Aside from location, the most common reason for a restaurant’s closure is poor customer service. Restaurant owners must therefore dedicate 100% of their focus towards hiring the right people. Such dedication is only possible with enough financial stability to account for the slowdown in operations that typically emerges when new hires are being recruited and trained. If you hasten the hiring process due to financial restrictions, you run the risk of paying someone far more than he or she is worth.

So instead of just relying on conventional hiring tools, publicize available positions on social networks like Facebook and LinkedIn while contacting trade schools and attending hiring fairs. You can also utilize creative interview tools, like screen forms, to gain a clearer impression of potential candidates. Posing complex questions to candidates results in complex answers that must be carefully compared to distinguish one good candidate from another. Face-to-face interviews must be thorough as well in order to determine whether a candidate is genuinely nice or “fake” nice.

These efforts take time but after receiving a small business loan, you can afford to be picky and even offer higher salaries to the most qualified or flexible candidates. Paying off the loan won’t be an issue since you just acquired the means to increase business, and if you chose your new hires correctly, they will want to work more hours just to prove that you made a wise decision in hiring them.

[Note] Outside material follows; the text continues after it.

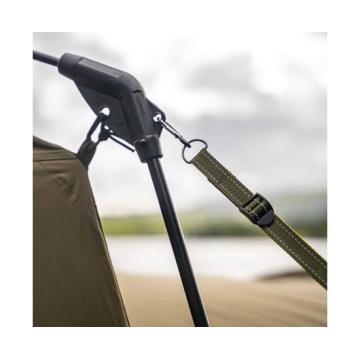 Screen House XT avid carp Avid Carp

Alternative lenders like United Capital Source have helped dozens of restaurants expand despite financial limitations. Virtually all restaurants are naturally vulnerable to occasional inconsistencies in cash flow, even if a certain business has attained the performance record and reputation required for growth. Restaurant in these situations simply need a little extra cash to take the next logical step and make the most out of the competitive advantage they have rightfully earned. As long as a restaurant allocates proper time and funding towards the most essential requirements for success, the business owner will maximize the potential of whatever whatever winning strategy or recipe the restaurant was started on in the first place.